Les poissons volants, dont on n'avait jamais entendu parler jusque-là, vinrent à leur tour vivifier la scène. Ce ne fut pas sans un sentiment de satisfaction que l'on contemplait leurs bandes sortir de l'eau par essaims, fournir une assez longue course avec leurs nageoires ailées, et s'abattre, soit à quelque distance des caravelles, soit quelquefois sur les navires eux-mêmes, et y donner l'occasion d'un excellent régal. Garcia Fernandez ne manqua pas de saisir cette occasion pour dire avec conviction qu'il était impossible qu'on fut arrivé aux limites fatales de l'univers, lorsqu'il y avait tant d'êtres vivants autour d'eux qui annonçaient plutôt la fécondité de la nature que son impuissance, ou que la destruction de tous les corps.

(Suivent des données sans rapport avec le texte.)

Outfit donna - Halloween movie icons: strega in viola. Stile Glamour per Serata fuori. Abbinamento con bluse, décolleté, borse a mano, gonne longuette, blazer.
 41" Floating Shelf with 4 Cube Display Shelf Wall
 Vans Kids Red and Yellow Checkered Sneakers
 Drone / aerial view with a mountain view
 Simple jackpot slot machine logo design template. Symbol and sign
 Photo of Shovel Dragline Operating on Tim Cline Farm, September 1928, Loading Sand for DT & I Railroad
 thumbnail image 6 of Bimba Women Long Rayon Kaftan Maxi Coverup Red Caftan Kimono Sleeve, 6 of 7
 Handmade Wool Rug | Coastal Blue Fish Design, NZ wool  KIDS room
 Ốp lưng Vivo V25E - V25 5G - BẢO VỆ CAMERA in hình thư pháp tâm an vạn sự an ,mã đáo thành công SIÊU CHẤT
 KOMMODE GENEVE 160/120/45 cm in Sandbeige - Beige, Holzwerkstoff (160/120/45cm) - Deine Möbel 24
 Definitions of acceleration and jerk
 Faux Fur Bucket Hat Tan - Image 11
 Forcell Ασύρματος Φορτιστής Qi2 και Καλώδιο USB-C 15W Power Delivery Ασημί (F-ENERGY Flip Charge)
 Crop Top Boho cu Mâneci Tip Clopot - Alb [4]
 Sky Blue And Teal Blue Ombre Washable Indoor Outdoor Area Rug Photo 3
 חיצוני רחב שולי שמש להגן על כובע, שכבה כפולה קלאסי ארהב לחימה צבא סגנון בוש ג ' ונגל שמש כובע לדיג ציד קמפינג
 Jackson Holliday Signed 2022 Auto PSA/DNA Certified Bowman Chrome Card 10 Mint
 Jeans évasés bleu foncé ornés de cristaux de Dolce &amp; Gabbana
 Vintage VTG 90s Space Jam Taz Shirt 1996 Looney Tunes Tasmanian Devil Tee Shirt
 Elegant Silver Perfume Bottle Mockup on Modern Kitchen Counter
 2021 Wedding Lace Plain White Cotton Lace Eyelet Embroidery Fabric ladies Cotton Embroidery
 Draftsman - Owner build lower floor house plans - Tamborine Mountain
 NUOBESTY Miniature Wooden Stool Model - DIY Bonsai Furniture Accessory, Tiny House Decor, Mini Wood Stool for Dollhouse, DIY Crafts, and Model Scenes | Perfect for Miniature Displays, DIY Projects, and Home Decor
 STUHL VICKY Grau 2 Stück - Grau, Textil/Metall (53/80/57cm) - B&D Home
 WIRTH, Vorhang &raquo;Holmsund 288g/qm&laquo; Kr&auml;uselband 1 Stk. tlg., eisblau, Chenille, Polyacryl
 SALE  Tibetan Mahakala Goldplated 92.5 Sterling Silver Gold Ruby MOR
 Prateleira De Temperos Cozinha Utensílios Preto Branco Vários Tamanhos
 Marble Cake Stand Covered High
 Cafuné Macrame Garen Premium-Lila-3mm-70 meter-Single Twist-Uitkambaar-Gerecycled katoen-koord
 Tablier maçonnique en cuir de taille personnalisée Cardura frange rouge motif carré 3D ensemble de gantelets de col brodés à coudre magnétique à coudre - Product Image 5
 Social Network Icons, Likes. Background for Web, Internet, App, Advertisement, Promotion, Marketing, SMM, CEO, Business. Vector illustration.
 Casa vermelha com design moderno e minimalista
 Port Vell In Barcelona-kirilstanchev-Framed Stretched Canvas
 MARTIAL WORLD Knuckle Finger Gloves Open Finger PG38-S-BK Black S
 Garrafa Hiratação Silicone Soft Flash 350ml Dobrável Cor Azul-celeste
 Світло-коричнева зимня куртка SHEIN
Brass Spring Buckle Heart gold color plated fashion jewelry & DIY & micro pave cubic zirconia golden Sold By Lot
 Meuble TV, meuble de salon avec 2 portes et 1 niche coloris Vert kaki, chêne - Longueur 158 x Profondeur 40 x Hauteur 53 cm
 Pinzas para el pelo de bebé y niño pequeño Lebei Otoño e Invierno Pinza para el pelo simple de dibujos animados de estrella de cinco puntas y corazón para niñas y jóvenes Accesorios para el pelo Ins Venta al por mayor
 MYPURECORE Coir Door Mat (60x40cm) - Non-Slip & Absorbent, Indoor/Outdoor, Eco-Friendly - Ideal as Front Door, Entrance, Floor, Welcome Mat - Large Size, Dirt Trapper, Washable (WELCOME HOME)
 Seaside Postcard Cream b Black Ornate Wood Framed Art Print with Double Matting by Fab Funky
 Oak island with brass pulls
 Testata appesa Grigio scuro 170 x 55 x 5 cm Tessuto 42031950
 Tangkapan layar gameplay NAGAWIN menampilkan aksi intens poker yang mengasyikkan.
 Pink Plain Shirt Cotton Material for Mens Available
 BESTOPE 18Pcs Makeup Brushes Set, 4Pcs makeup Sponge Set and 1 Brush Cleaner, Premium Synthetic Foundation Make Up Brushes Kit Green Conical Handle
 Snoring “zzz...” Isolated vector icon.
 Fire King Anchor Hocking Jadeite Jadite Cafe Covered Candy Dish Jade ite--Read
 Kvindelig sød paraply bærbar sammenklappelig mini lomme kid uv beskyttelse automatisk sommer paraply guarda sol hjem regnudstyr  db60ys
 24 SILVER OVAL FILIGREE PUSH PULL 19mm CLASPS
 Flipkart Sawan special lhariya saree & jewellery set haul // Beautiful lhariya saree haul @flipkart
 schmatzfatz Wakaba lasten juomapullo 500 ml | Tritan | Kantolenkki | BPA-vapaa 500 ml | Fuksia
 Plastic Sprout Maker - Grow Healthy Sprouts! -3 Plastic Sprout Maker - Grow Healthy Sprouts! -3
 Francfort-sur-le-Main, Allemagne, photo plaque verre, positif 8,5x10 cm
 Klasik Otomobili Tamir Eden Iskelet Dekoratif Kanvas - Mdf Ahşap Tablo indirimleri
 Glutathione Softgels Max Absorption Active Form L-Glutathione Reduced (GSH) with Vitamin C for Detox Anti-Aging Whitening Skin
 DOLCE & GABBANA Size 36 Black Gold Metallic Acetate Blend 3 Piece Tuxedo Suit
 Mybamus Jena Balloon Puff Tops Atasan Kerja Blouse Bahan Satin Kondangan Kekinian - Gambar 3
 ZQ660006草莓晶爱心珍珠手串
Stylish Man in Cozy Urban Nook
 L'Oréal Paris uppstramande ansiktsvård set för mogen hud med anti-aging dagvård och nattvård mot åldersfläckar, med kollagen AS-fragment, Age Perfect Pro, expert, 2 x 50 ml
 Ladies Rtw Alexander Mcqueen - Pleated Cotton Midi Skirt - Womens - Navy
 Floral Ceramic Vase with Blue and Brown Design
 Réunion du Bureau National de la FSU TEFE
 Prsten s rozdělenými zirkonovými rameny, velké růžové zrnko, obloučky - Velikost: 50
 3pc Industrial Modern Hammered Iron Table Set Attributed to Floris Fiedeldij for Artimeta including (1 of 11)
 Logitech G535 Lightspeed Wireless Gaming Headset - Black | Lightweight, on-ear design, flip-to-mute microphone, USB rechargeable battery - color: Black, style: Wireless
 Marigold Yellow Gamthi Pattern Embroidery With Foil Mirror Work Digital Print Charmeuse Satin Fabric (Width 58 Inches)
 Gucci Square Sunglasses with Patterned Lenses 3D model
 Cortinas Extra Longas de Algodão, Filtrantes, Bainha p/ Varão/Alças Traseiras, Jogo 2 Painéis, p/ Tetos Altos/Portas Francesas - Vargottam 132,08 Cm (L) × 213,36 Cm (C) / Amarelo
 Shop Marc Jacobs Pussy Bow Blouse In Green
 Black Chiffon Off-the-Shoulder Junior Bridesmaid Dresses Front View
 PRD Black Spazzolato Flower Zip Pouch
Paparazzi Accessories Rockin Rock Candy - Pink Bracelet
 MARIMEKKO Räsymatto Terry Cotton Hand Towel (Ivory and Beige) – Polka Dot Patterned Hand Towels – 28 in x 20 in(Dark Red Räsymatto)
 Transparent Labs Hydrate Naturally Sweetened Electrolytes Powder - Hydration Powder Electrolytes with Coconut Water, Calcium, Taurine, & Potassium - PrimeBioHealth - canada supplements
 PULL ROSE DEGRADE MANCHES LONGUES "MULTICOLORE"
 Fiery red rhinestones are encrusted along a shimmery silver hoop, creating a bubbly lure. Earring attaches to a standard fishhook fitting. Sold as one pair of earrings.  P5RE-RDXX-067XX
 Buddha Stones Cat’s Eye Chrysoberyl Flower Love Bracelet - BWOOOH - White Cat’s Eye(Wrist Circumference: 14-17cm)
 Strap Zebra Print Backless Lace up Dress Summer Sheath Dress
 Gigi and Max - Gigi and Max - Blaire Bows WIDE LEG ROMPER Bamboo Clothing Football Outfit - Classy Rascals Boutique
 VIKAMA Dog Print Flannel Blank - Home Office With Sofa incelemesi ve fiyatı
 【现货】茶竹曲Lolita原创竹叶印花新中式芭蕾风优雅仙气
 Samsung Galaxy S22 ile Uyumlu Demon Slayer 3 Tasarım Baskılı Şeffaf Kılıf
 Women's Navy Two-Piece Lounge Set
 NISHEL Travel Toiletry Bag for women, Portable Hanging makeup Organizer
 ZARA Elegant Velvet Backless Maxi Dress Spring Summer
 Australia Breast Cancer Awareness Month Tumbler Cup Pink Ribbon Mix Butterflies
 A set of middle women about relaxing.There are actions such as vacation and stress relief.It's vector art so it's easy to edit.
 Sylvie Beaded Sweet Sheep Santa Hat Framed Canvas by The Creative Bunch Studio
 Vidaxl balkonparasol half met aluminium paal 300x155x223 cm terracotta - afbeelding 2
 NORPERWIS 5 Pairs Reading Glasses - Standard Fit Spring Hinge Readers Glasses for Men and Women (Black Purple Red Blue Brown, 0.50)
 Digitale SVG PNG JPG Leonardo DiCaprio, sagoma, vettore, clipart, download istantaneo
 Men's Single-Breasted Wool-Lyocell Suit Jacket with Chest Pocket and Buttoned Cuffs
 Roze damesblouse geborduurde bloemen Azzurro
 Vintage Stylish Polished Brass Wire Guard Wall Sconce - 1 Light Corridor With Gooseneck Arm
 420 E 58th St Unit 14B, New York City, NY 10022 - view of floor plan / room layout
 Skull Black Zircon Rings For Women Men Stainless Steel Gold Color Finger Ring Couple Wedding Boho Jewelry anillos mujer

Une troupe d'oiseaux venant du Nord servit une fois de prétexte à Alonzo Pinzon pour demander à gouverner dans cette direction; le grand-amiral lui répondit avec douceur, mais avec fermeté, et il continua à faire route vers l'Ouest.
Cependant les caravelles s'avançaient toujours en parcourant un espace d'environ quarante lieues par jour; mais quoique Colomb continuât à dissimuler une partie du chemin parcouru, ainsi que celui que faisaient faire les courants et qu'il estimait à quatre lieues de plus en vingt-quatre heures, les équipages n'en voyaient pas moins avec terreur la distance qui les séparait de l'Espagne augmenter à chaque instant, et ils perdirent presque jusqu'au dernier rayon d'espoir; mais quelques oiseaux d'un volume plus petit que ceux qui avaient été observés auparavant, parurent à leurs yeux, et leur courage en fut un peu ranimé, car ils durent croire qu'ils ne pouvaient s'être élancés que de quelque point d'une terre peu éloignée.
Cette heureuse disposition des esprits ne se soutint pas; la situation de Colomb devint plus critique, et il y avait à peine quinze jours qu'on avait cessé d'apercevoir l'île de Fer, dont on pouvait alors se trouver à quatre cents lieues environ dans l'Ouest, que l'impatience des matelots prit un commencement de caractère de révolte.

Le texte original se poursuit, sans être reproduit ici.